Task statement: Instruction for the entries below: return the part that opens with the line containing "Amada Bathroom Shelves" and closes with the line containing "Valentino Valentino White", exactly, and no pictures.

Task data:
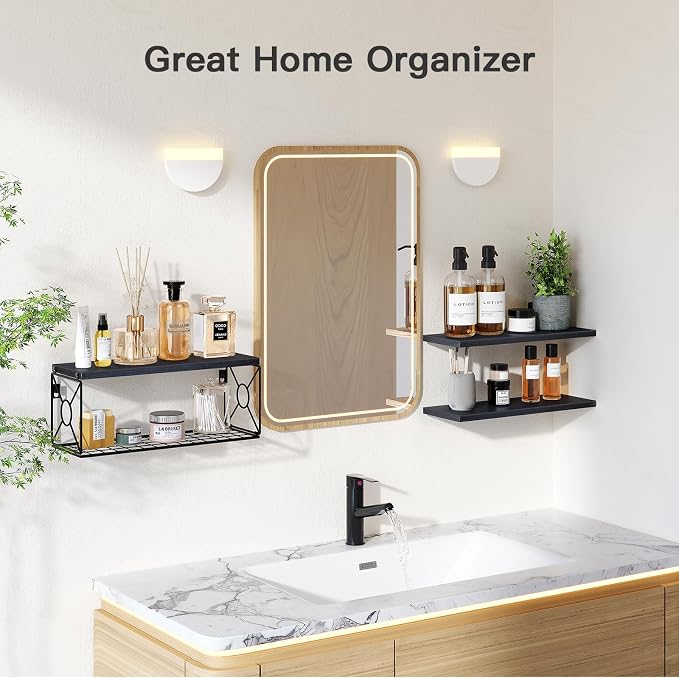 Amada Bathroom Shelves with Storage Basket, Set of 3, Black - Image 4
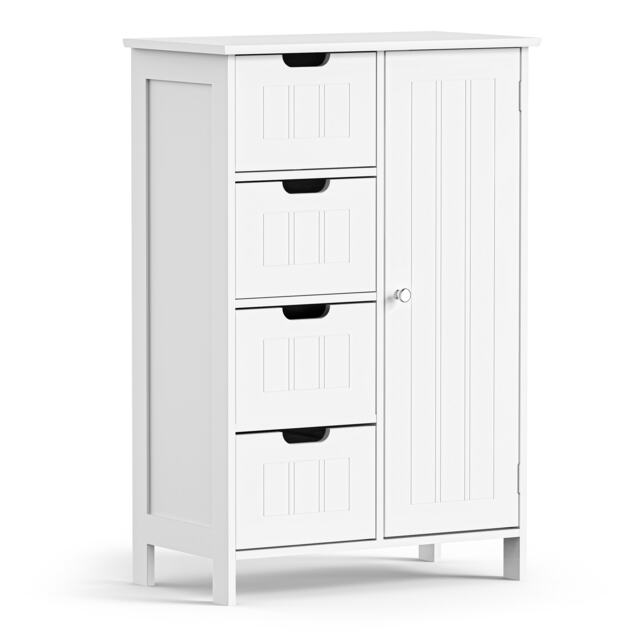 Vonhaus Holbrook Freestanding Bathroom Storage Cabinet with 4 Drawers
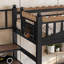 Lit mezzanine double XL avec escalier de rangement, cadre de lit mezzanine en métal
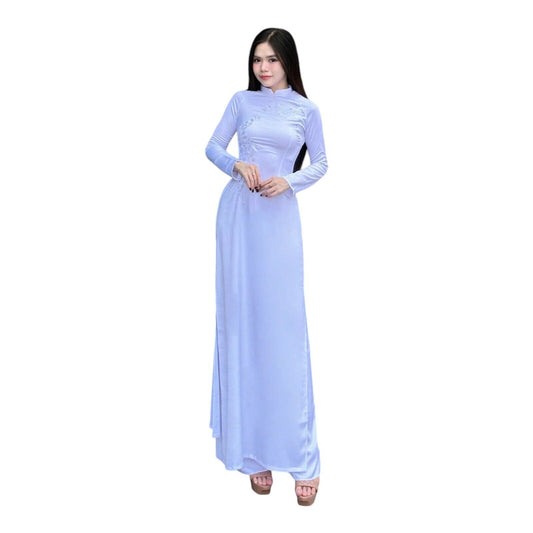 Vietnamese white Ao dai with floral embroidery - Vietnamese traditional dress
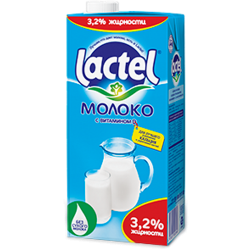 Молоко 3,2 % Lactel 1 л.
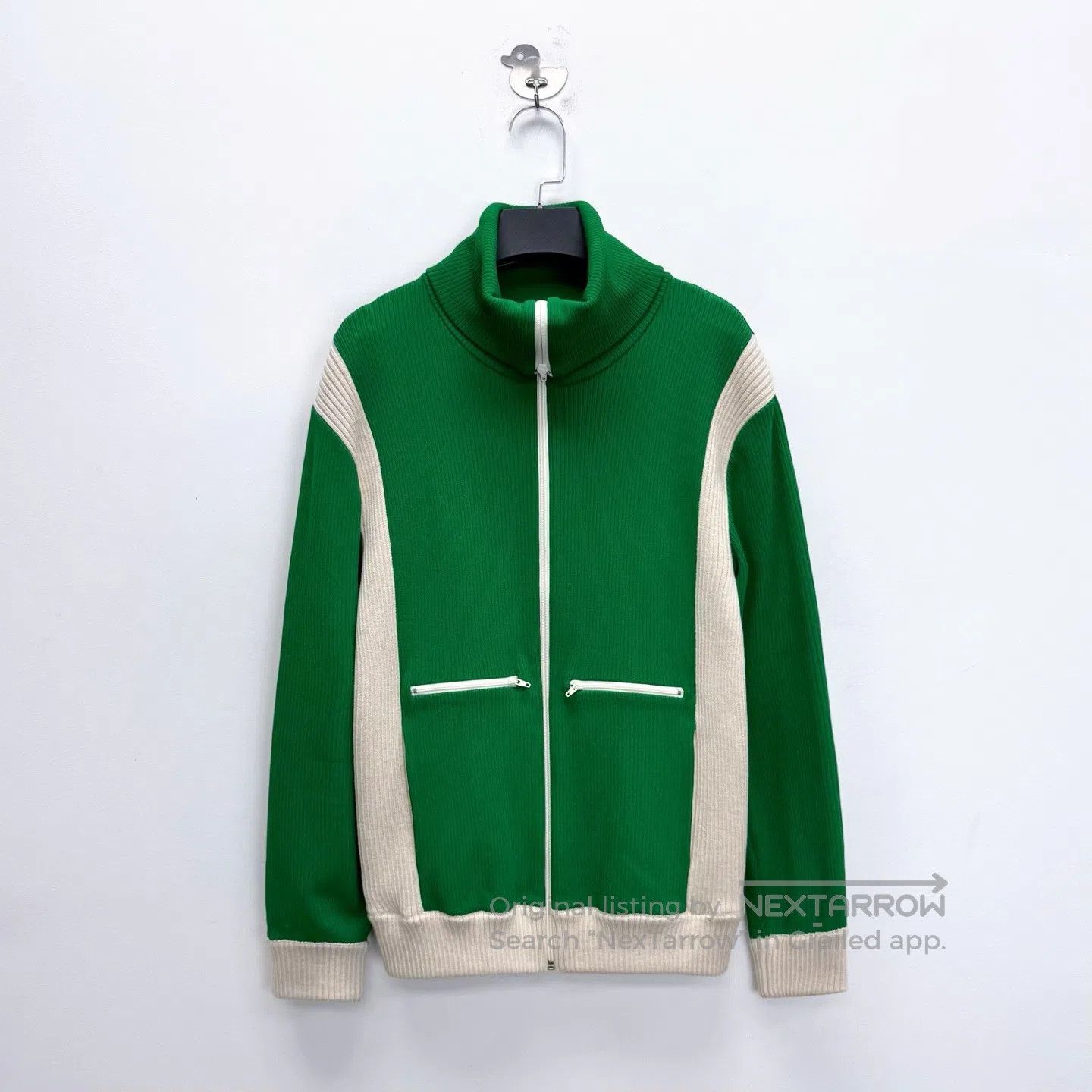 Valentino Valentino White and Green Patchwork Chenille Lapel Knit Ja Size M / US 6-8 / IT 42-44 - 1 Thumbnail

...

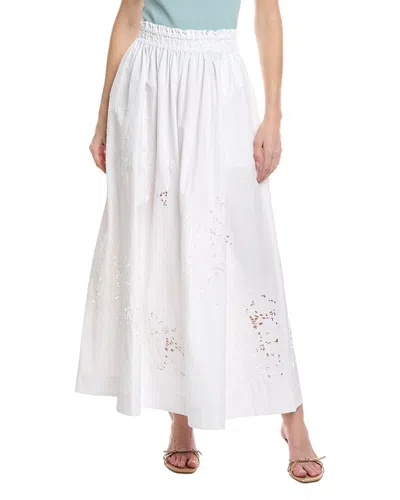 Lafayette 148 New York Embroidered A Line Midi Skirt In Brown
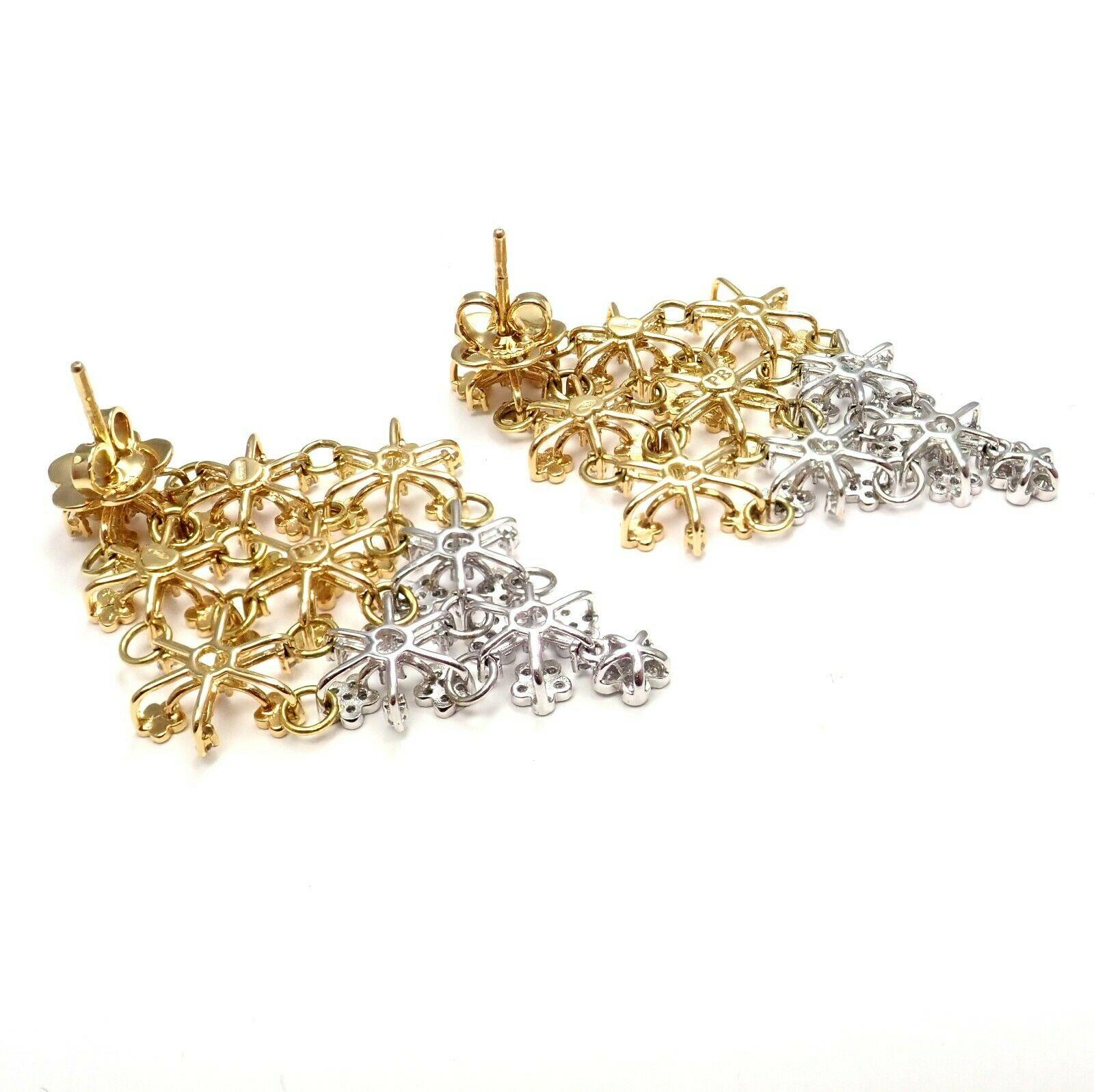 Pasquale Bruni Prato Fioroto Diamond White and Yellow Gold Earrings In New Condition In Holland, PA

Solution to the exercise:
 Amada Bathroom Shelves with Storage Basket, Set of 3, Black - Image 4
 Vonhaus Holbrook Freestanding Bathroom Storage Cabinet with 4 Drawers
 Lit mezzanine double XL avec escalier de rangement, cadre de lit mezzanine en métal
 Vietnamese white Ao dai with floral embroidery - Vietnamese traditional dress
 Молоко 3,2 % Lactel 1 л.
 Valentino Valentino White and Green Patchwork Chenille Lapel Knit Ja Size M / US 6-8 / IT 42-44 - 1 Thumbnail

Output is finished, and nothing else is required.